Raxx · internal docs

internal · gated ↑ index

Velvet v2 Infrastructure: Cost + Compliance Analysis

Issue #908 — Pre-provisioning briefing for Kristerpher

Status: research-only. This document does NOT constitute legal or tax advice. Before acting on DPA, data-classification, or vendor-contract questions, consult an attorney licensed in your operating jurisdiction and a CPA for expense treatment. Last updated: 2026-05-04. Sources as of that date — verify freshness before committing.


TL;DR

The two-app / two-Postgres layout proposed in #908 costs ~$150/mo (not $200) because Standard-1X dynos are $25 each, not $50. The bigger issue surfaced by this research is Heroku's corporate posture: Salesforce froze enterprise Heroku feature development in February 2026 and ended new enterprise sales — the platform is in a sustaining-engineering phase with no published EOL date but clear sunset signals. For a service that sits on the critical rotation path, that vendor risk deserves an explicit architectural decision now, before any deploy automation is wired in. The recommended architecture (Section 5) is the two-app Heroku layout but with a 12-month migration checkpoint to AWS-native if Heroku announces EOL or drops Standard tier support.


1. Cost Breakdown — Confirmed Numbers

1a. Heroku rate card (confirmed May 2026)

Resource Unit price Source
Standard-1X dyno $25.00/mo heroku.com/pricing
Eco dyno $5.00/mo (shared pool, sleeps) heroku.com/pricing
Heroku Postgres Essential-0 $5.00/mo (1 GB, 20 conn, no rollback) elements.heroku.com/addons/heroku-postgresql
Heroku Postgres Essential-2 $20.00/mo (32 GB, 40 conn, no rollback) elements.heroku.com/addons/heroku-postgresql
Heroku Postgres Standard-0 $50.00/mo (4 GB RAM, 64 GB disk, 200 conn, 4-day rollback, dedicated) elements.heroku.com/addons/heroku-postgresql
Heroku Postgres Standard-2 $200.00/mo (8 GB RAM, 256 GB disk, 500 conn) elements.heroku.com/addons/heroku-postgresql

1b. #908 as-proposed: two Standard-1X + two Standard-0 Postgres

Line item Monthly Notes
raxx-velvet-prod dyno (Standard-1X) $25.00 Always-on, 512 MB RAM
raxx-velvet-staging dyno (Standard-1X) $25.00 Always-on
raxx-velvet-prod Postgres (Standard-0) $50.00 4 GB RAM, 64 GB disk, 4-day rollback
raxx-velvet-staging Postgres (Standard-0) $50.00 Same tier; see Section 3b for staging tier discussion
Total new spend $150.00/mo
Existing Heroku baseline ~$80.00/mo raxx-console + raxx-api (prod + staging each)
Total Heroku after #908 ~$230.00/mo

Your estimate was $200/mo. Actual is $150/mo new spend. The error: Standard-1X is $25, not $50. Standard-1X at $50 does not exist in the current rate card; the next step up is Performance-M at $250/mo.

1c. Projections

Horizon New Velvet spend Total Heroku (incl. baseline)
12 months $1,800 ~$2,760
36 months $5,400 ~$8,280

These projections assume no dyno scaling, no staging-tier downgrade, and no Heroku price changes. At 36 months, vendor-risk mitigation (Section 3a) makes the 36-month projection speculative — it may not run on Heroku for that full window.

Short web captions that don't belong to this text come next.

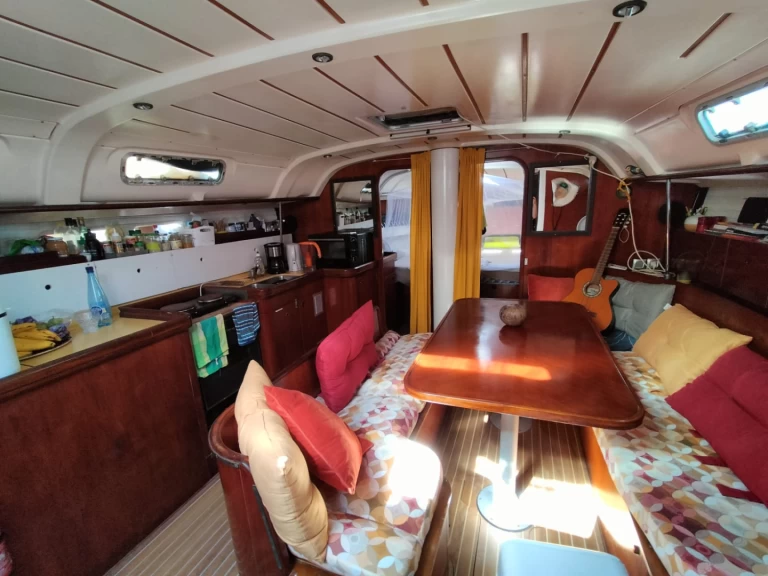 Pronájem Plachetnice Bénéteau s licencí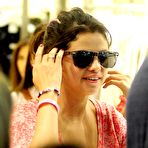 Fourth pic of Selena Gomez fully naked at Largest Celebrities Archive!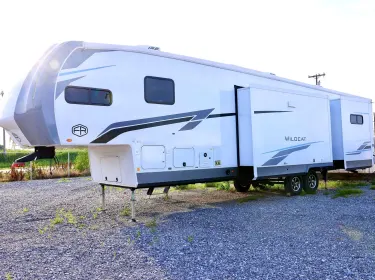 2025 Forest River Wildcat Fifth-wheel rental in Oklahoma City, OK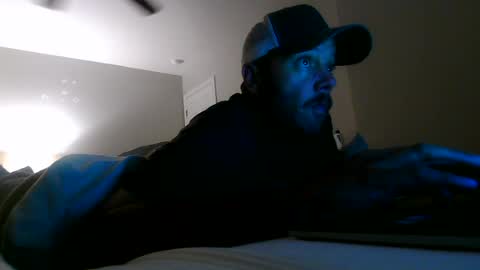 nuttincowboy727272 online show from June 19, 12:05 am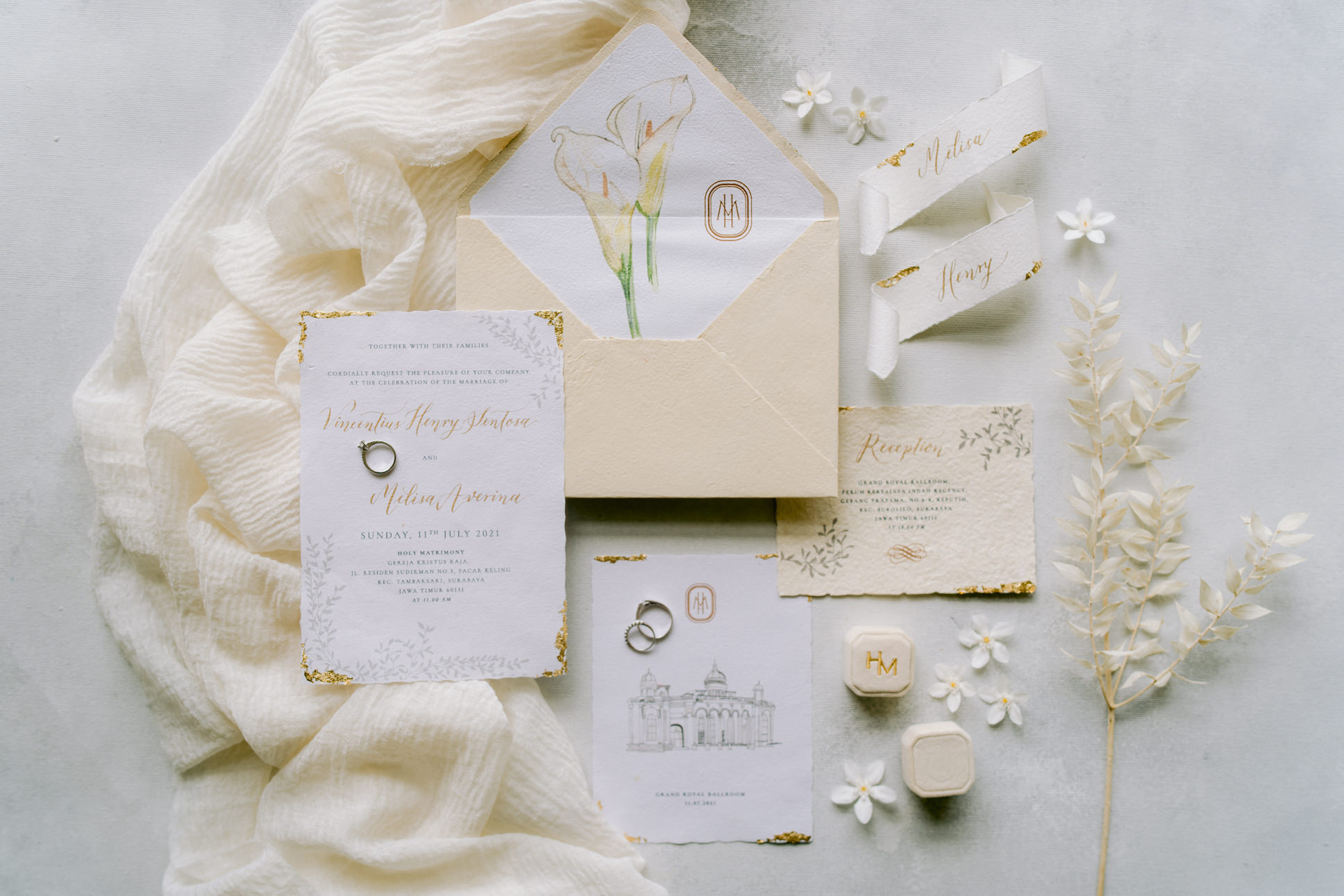Keepsake Invitations for H + M Lovebirdstories Bridestory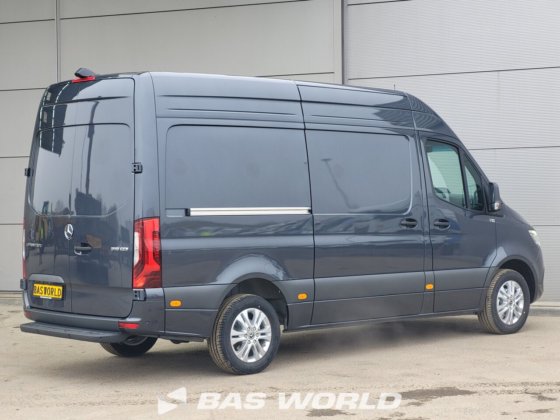 メルセデス スプリンター 319 CDI クローズド・ボックス・バン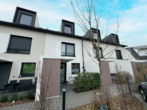 Frontansicht - Modern. Effizient. Zuhause. KFW55 Standard.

2. Alternative Architectures

(a) Single-instance Velvet — one app + one Postgres

What you lose: The staging environment for Velvet itself. Rotation flows for staging tokens (e.g., raxx-api-staging Heroku config vars) would run against prod Velvet. This means a bug in a new adapter (e.g., the GitHub Actions adapter in B6) that causes an unhandled exception crashes prod Velvet mid-rotation, leaving a rotation job in minting or distributing state with no clean recovery path in a non-prod lane.

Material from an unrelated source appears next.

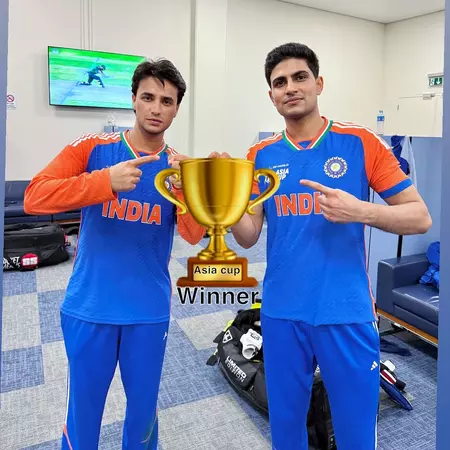 ऑपरेशन व्हाइट बॉल : एआई सेलिब्रेशन के साथ सूर्यकुमार यादव ने मोहसिन नकवी को दिखाया आईना ऑपरेशन व्हाइट बॉल : एआई सेलिब्रेशन के साथ सूर्यकुमार यादव ने मोहसिन नकवी को दिखाया आईना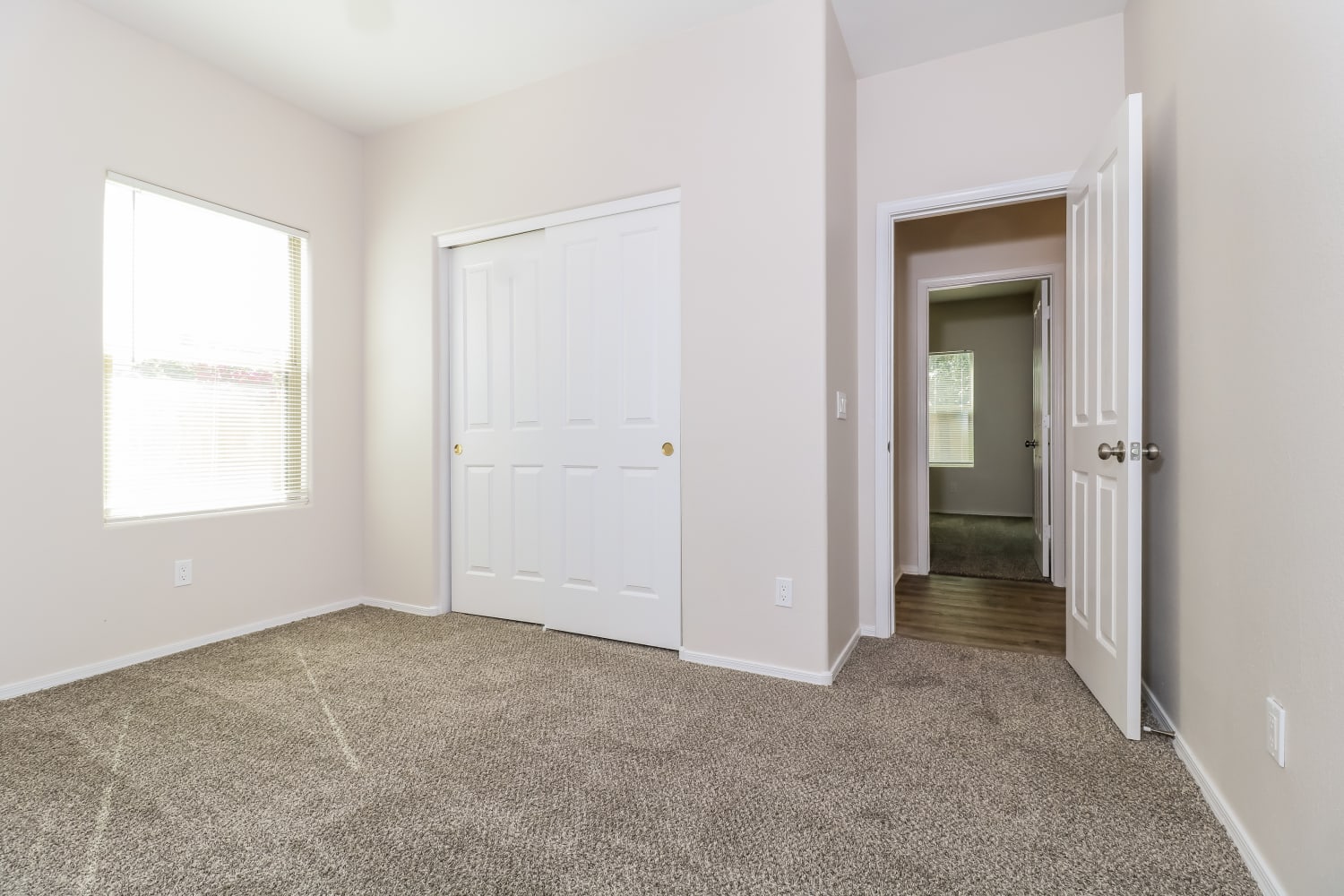 15949 West Mauna Loa Ln, Surprise photo 7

Given the v2 design's three-stage state machine and the explicit design principle that testing-flow rotations run against throwaway tokens, the staging Velvet instance exists primarily to validate the service-bus fan-out and consumer adapters before they touch prod credentials. Collapsing to single-instance eliminates that safety lane entirely.

Cost diff:

Item Monthly savings vs. proposed
Drop raxx-velvet-staging dyno -$25.00
Drop staging Postgres (Standard-0) -$50.00
Net -$75.00/mo ($75/mo instead of $150/mo)

Verdict: Viable only if Velvet's flow_type=testing path is considered sufficient as a safety lane, and if all adapter development happens in a feature branch that runs against a local Postgres in CI. The ops risk is non-trivial: the 2026-05-02 incident (rot_2b1e) happened precisely because there was no staging rehearsal path to catch the old-token auth-probe gap. Losing the staging instance trades $75/mo in savings for the same class of incident risk.

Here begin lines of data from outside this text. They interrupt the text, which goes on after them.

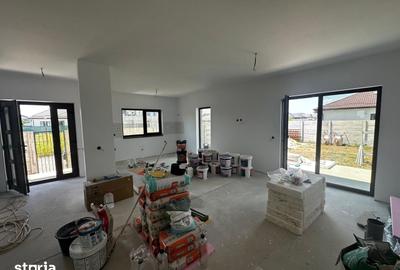 Casă cu 4 camere cu Teren 400 Mp în Clinceni - 8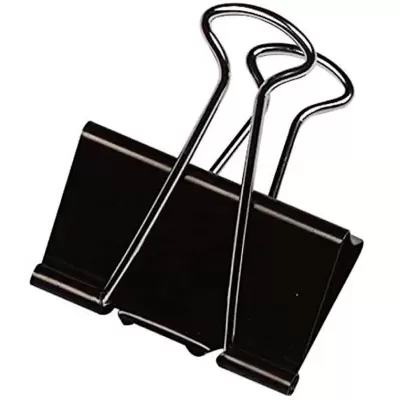 Clipe de papel preto com braços metálicos prateados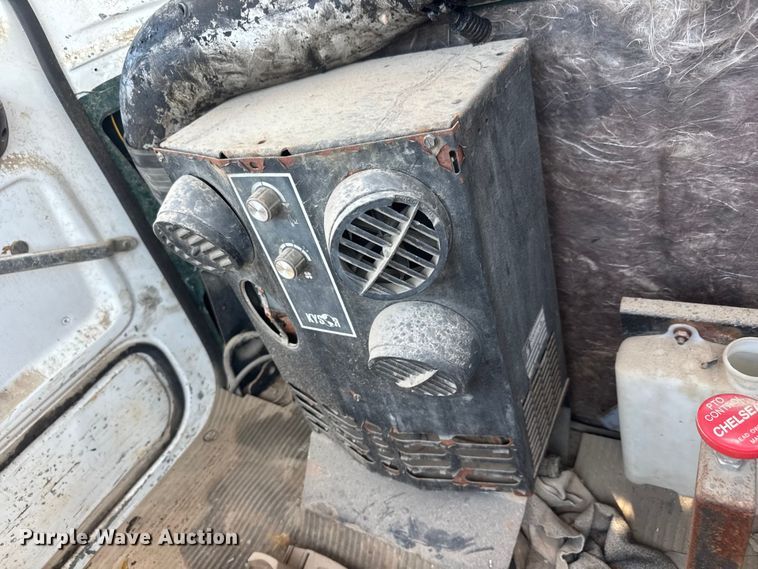image for item NJ9265 1992 Ford Aeromax L9000 pulling truck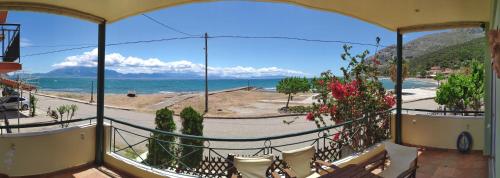 VaTiGi's cottage! gîte à louer Mégas Dhéndros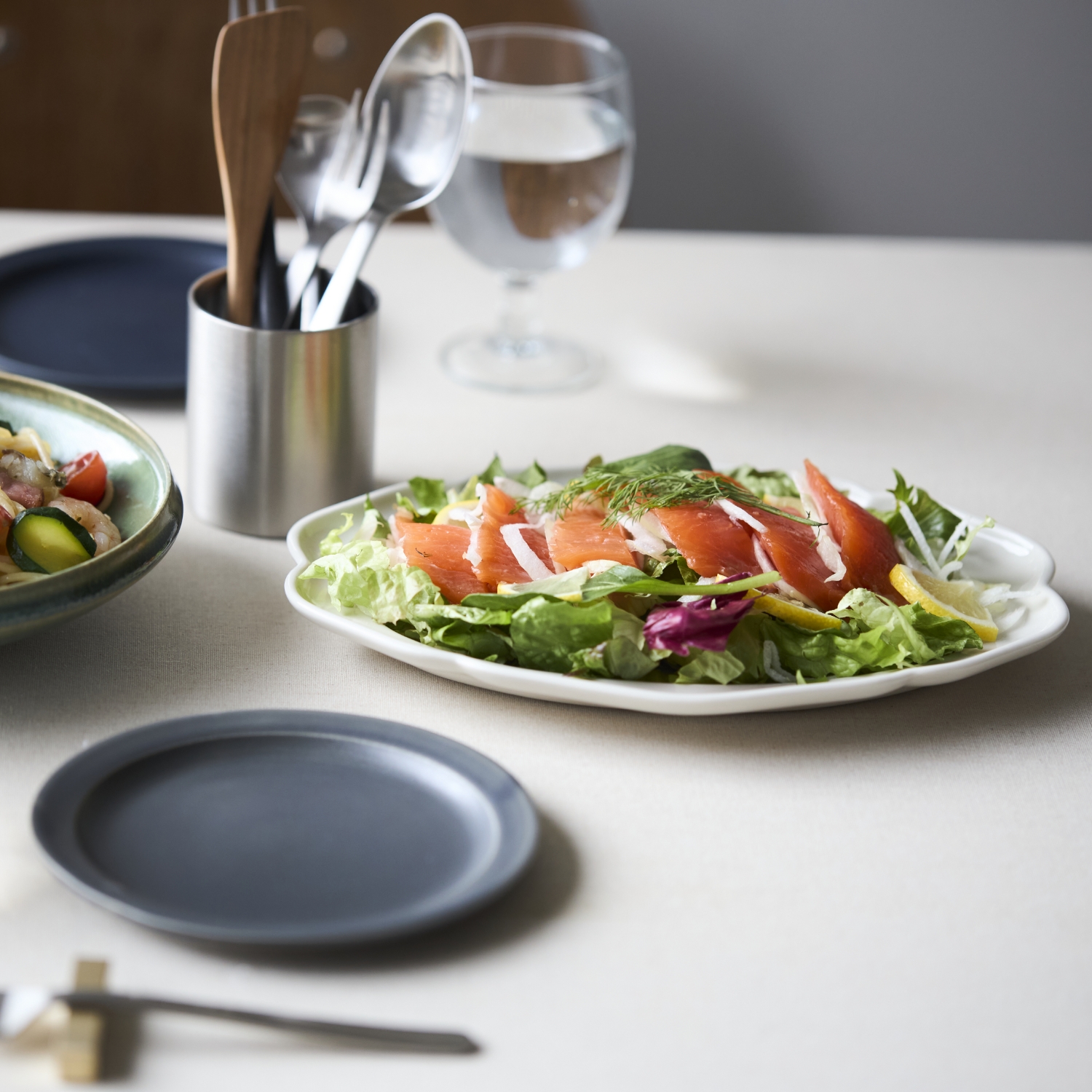 かもめ製作所/花リムオーバルプレート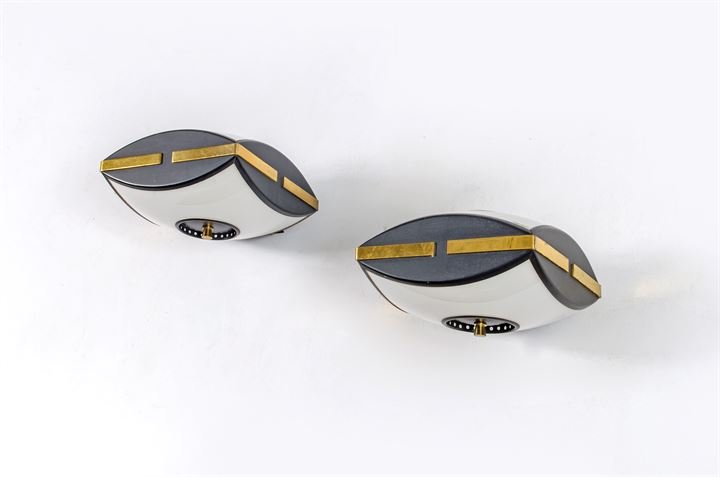 STILUX: Coppia di appliques , struttura in metallo laccato ottone diffusori in metacrialto, Etichetta del produttore . Anni '50cm 22x25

(b) Eco / Mini tier dynos — does cold-start kill the use case?

The Eco dyno ($5/mo) sleeps after 30 minutes of inactivity. Wake time is typically 5–15 seconds but can reach 30+ seconds under cold JVM/Python startup.

Velvet's use pattern: rotation jobs are operator-initiated, not ambient. Between rotations the dyno may be idle for hours or days. A sleeping Velvet means:

Verdict: Eco tier is architecturally incompatible with Velvet's role as an operator-critical service. Issue #908 already documents this risk and specifies Standard-1X minimum. Confirm.

The cost savings ($40/mo across two dynos vs. $50/mo for two Standard-1X dynos) do not justify the operational risk.


(c) Co-locate Velvet on console-prod (no separate Heroku apps)

Velvet as a Flask blueprint registered in the existing raxx-console-prod app.

Cost: $0 additional. Velvet runs on the existing console dyno.

Risks:

  1. Every console deploy restarts Velvet. Velvet holds in-memory state during active rotation jobs (the SSE stream to the console UI, the fan-out goroutine pool). A dyno restart mid-rotation drops all in-progress distribute/validate operations. The operator sees a hung modal. Recovery requires manually querying the Postgres rotation_jobs table to determine which consumers received the new token and which did not. This is exactly the rot_2b1e recovery scenario.

  2. Console blast radius. A Velvet bug (e.g., an unhandled exception in the GitHub Actions NaCl adapter) that crashes the worker also takes down the console UI. An operator trying to investigate a status incident can't reach the console because Velvet's rotate endpoint threw a 500.

  3. RBAC separation. The v2 design (invariant I3, ADR-0037) requires that Velvet's service-token auth is separate from the console's session auth. Co-location doesn't prevent this technically but it increases the surface area for auth middleware to accidentally bleed scope — a rotation-scoped service token issued to a CI job could accidentally hit a console-only endpoint on the same process.

  4. Postgres schema isolation. Co-location implies sharing the console's Postgres, which means rotation_jobs and rotation_job_consumers tables live in the same database as console session data. Rotation audit records (operator_id, credential_name, timestamps) and console session data become a joint recovery unit — a console Postgres failover takes out rotation history at the same time.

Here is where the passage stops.